The portal can be accessed online or through a native iPad app and has helped save the bank’s administrative staff time and money in assembling the content for its executive meetings, says Mike Muzzey, the bank’s executive vice president and CIO. The administrative staff at Bank of New Hampshire ($1.1 billion in assets) used to make books for the bank’s six board committees, which meet at least once a month, and its monthly board meetings. The portal allows the bank to quickly create digital pdf meeting books using set templates and dropping in content. “Not having to assemble those books manually saves us one to twelve man days per month. We don’t have to shred anything; everything is stored electronically. It’s considerable time-savings,” Muzzey comments.
Going digital is also a more secure means for sharing the bank’s top-level information, says Jeff Hilk, Diligent Boardbooks’ director of client services. “Everything is highly encrypted and locked down in a secure way,” Hilk remarks. “It’s far more secure than the paper world. What if one of the executives loses their paper version?”
The online portal and iPad app is password protected, and the bank can set the complexity of the password. The bank can also determine privacy and permission settings for the books from individual meetings so executives can only see the books and minutes from certain meetings, Hilk adds.
In addition to pdf’s the Diligent Boardbooks’ solution can also pull in power-points and excel sheets, and allows for hyperlinked text. All of the information is then presented in a “printed book experience, similar to an e-reader,” Hilk says.
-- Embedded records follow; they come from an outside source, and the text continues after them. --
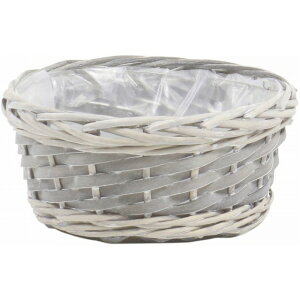 �����E�b�h�o�X�P�b�g �񂹔�3���p GY �D�F �Ԋ� ���� [TDLKA318204-00G] ������ϕs��|�x�[�X �i�`�������f�� �o�X�P�b�g ���� �t�����[ �Ԏ��� �Ԃ��� �A�����W�����g�p�i �t�����[�A�����W����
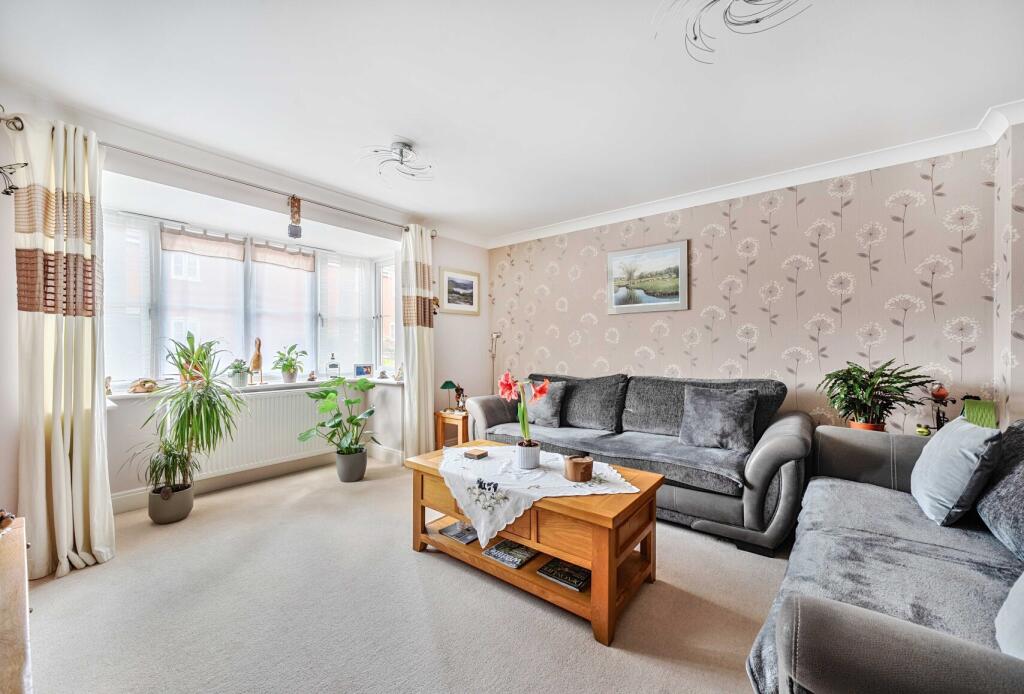 1297395-26-683065...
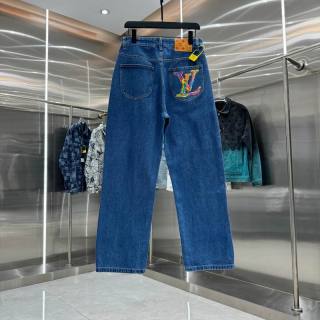 2026.07.01 LV Jeans sz28-36 1148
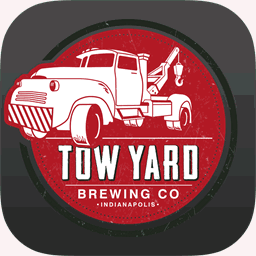 towyardbrewing.com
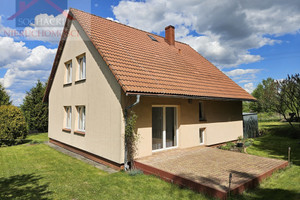 Dom na sprzedaż 127m2 lubański Lubań Henryków Lubański - zdjęcie 1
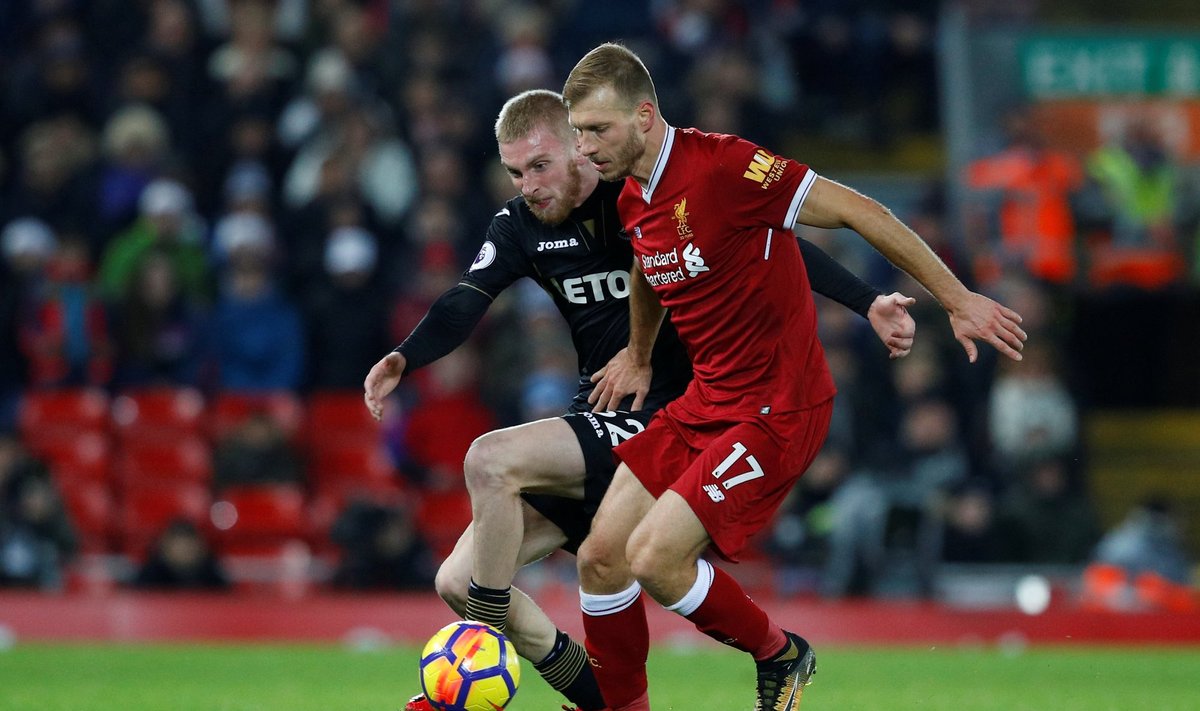 Ragnar Klavan
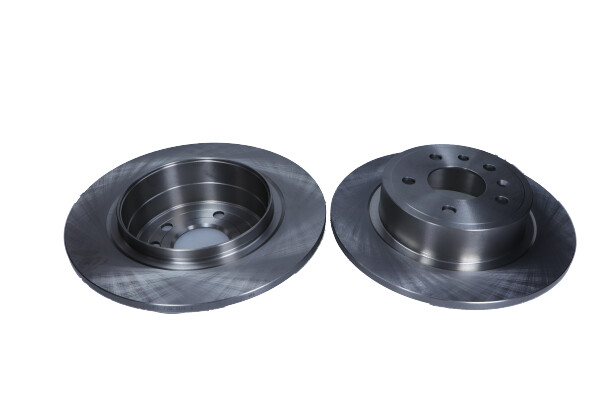 Disc frana MAXGEAR 19-2578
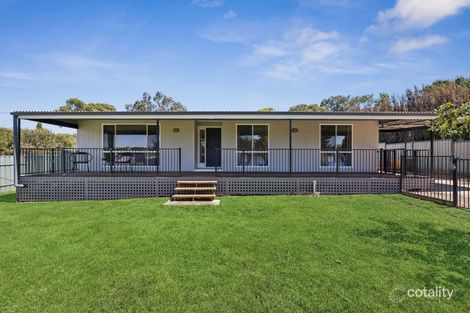 Property photo of 63 Woodside Road Nairne SA 5252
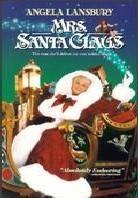 Mrs. Santa Claus (1996)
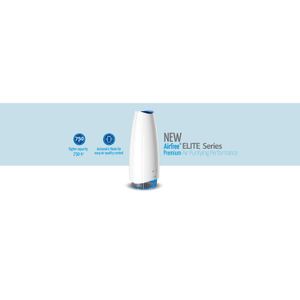 Purificador de Aire Airfree Elite Ii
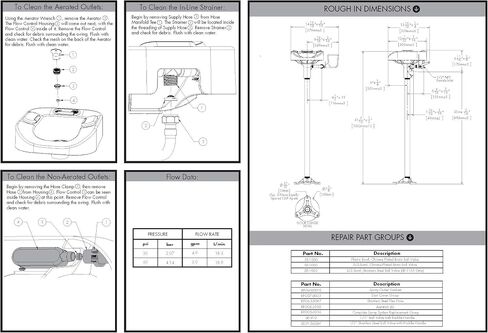 Speakman SE-1050 Bathroom-Hardware, 20.1, Stainless Steel in Saudi Arabia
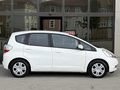 HATASIZZ-145.000KM-JAZZ İ-SHİFT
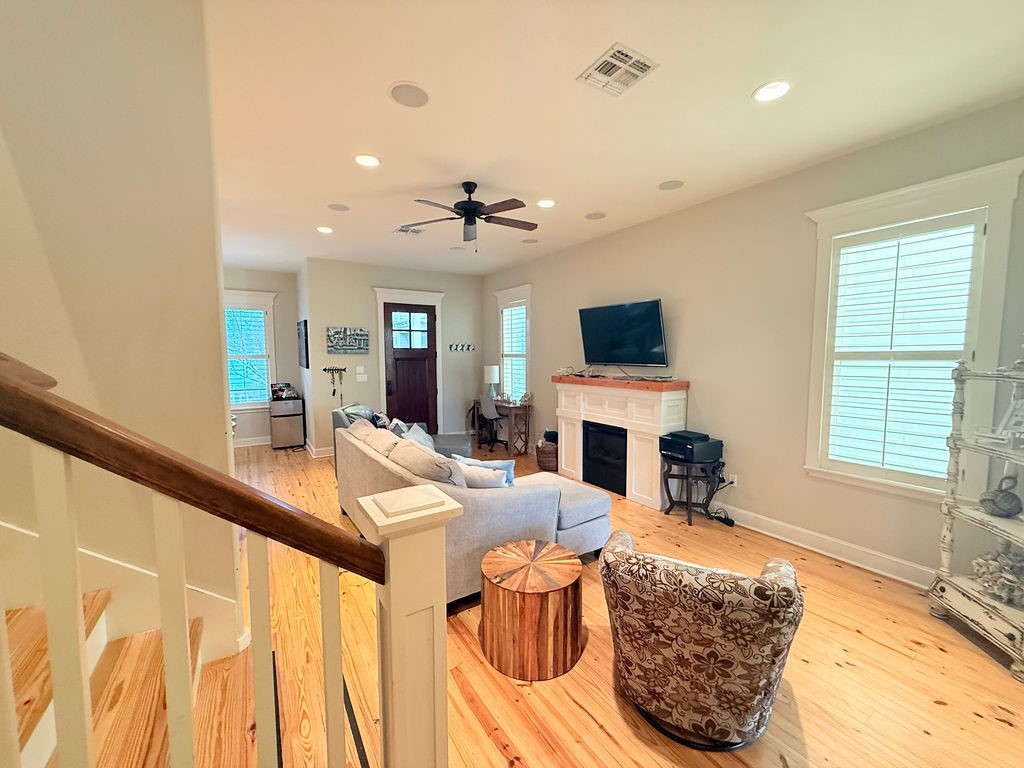 406 Sailhouse Way Rockport TX 78382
Executives can then add notes, comments and highlights to the books that they can share with each other at the push of a button, Bank of New Hampshire’s Mike Muzzey says. And since everything is stored digitally, executives have instant access to the minutes of all past board meetings. “The directors love it, even the ones who aren’t so tech-savvy,” Muzzey reports. “They have access to so much more info at their convenience.”